Wound care specialists can heal most chronic wounds (wounds that haven’t healed for weeks or months, that heal too slowly, that never completely go away, or that recur often) with a variety conventional steps including cleaning, bandaging, disinfecting, and releaving pressure from the wound. But for a smaller group of patients who need HBOT (hyperbaric oxygen therapy) to achieve healing, this oxygen-saturation treatment is indispensable. Wounds related to immobilzation or diabetes are common targets for this therapy.
Oxygen Key to the Healing Environment
Doctors know that a combination of infection and lack of oxygen in the tissues is often the reason that wounds fail to heal promptly or completely. This is regardless of what may have caused the initial physical injury or irritation to the area. When the area around a wound does not receive adequate oxygen through the bloodstream, the tissues can’t produce enough of the new skin, connective tissue, and fine blood vessels that are fundamental to wound healing. White bloods cells also can’t properly perform their germ-killing function, and bacteria that thrive in low-oxygen environments spread.
HBOT reverses these deficiencies by increasing oxygen levels throughout the wound area. Both locally and throughout the body, it enhances immune function and helps new capillaries (tiny thin-walled blood vessels) to form. Improved circulation, in turn, helps much-needed blood flow to reach damaged and infected areas. This draws off fluid and reduces swelling, further improving blood flow. Thus, by dramatically increasing the oxygen content level in blood and compromised tissue, hyperbaric oxygen therapy provides the ideal environment to promote the growth of new tissue and vessels, and discourage growth of bacteria-factors that are all cornerstones of wound healing.
The Diabetes Example
Wounds on the feet of patients with diabetes provide a very common example of these processes. Individuals with diabetes often have impaired immune systems that make them more prone to infections. They tend to have atherosclerosis (hardening or narrowing) in both large and small arteries, and abnormalities of the blood that make it difficult for their circulation to reach small capillaries.

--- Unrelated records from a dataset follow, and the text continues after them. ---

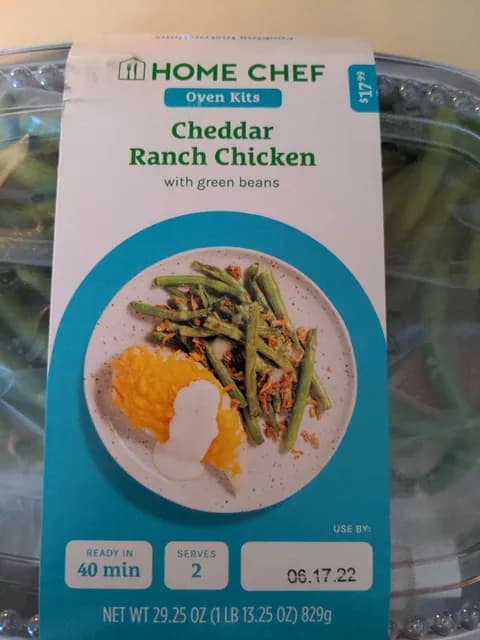 Home Chef Oven Kits Cheddar Ranch Chicken With Green Beans
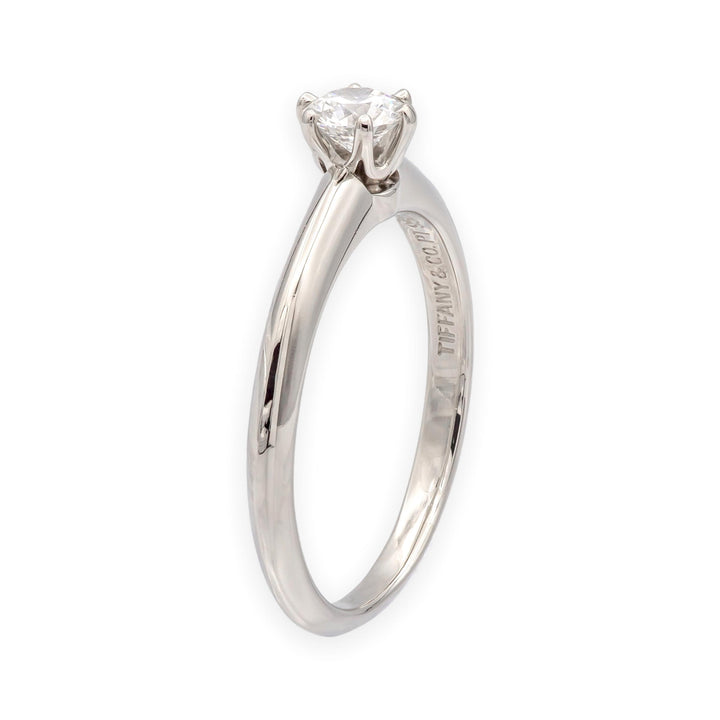 Vintage Tiffany & Co. Platinum .27 ct E VVS1 Diamond Solitaire Engagement Ring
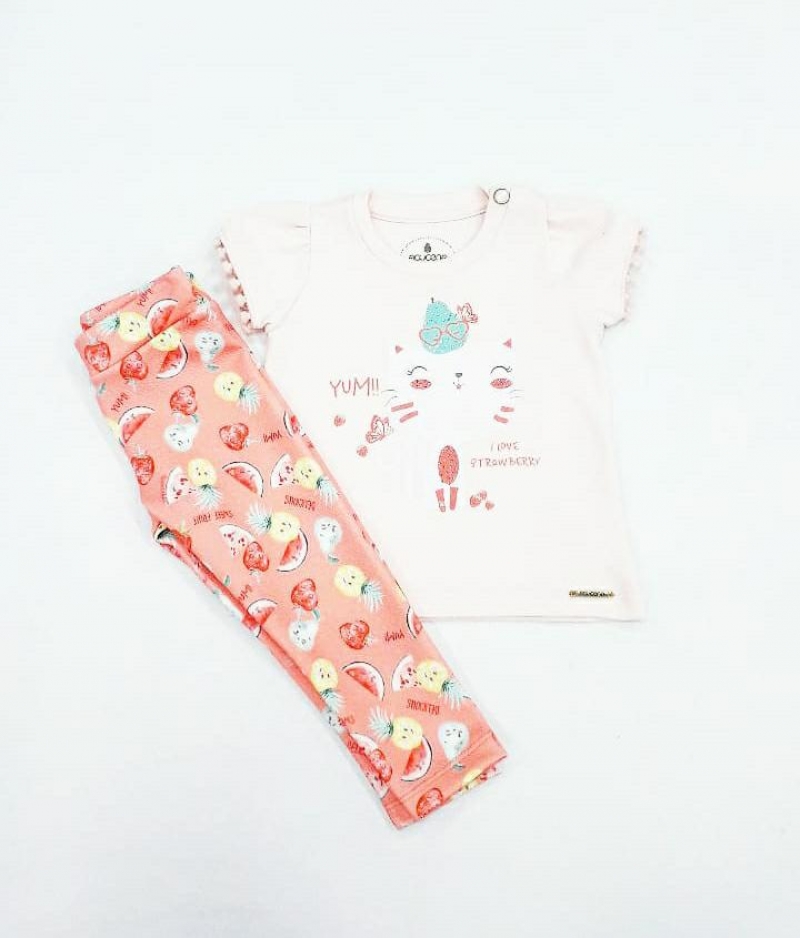 imagem CONJUNTO BLUSA E LEGGING  AÇUCENA SALMÃO BABY A2358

Compounding these problems, damage to nerves from diabetes makes it difficult for patients to move their feet properly and sense damage to them, leaving them susceptible to worsening pressures and ulcers. For these patients, increasing the available oxygen in their circulation often makes all the difference in the ability of their body to heal a wound in this area.
Matching the Right Patient to HBOT
Wound-care specialists at Lourdes carefully evaluate patients before recommending them for hyperbaric treatment, in order to assure that the therapy is safe and appropriate for them-and that other, more conventional have not proved adequate. Hyperbaric medicine does not correct, or replace, care for conditions of the heart, lung or blood vessels but it can enhance healing that is slow or deficient due to such conditions.
Most patients see good results with HBOT and many appreciate dramatic results with wounds that would not otherwise heal. Lourdes offers HBOT to patients for whom conventional wound care has proven insufficient and whose health status otherwise makes them candidates for this therapy.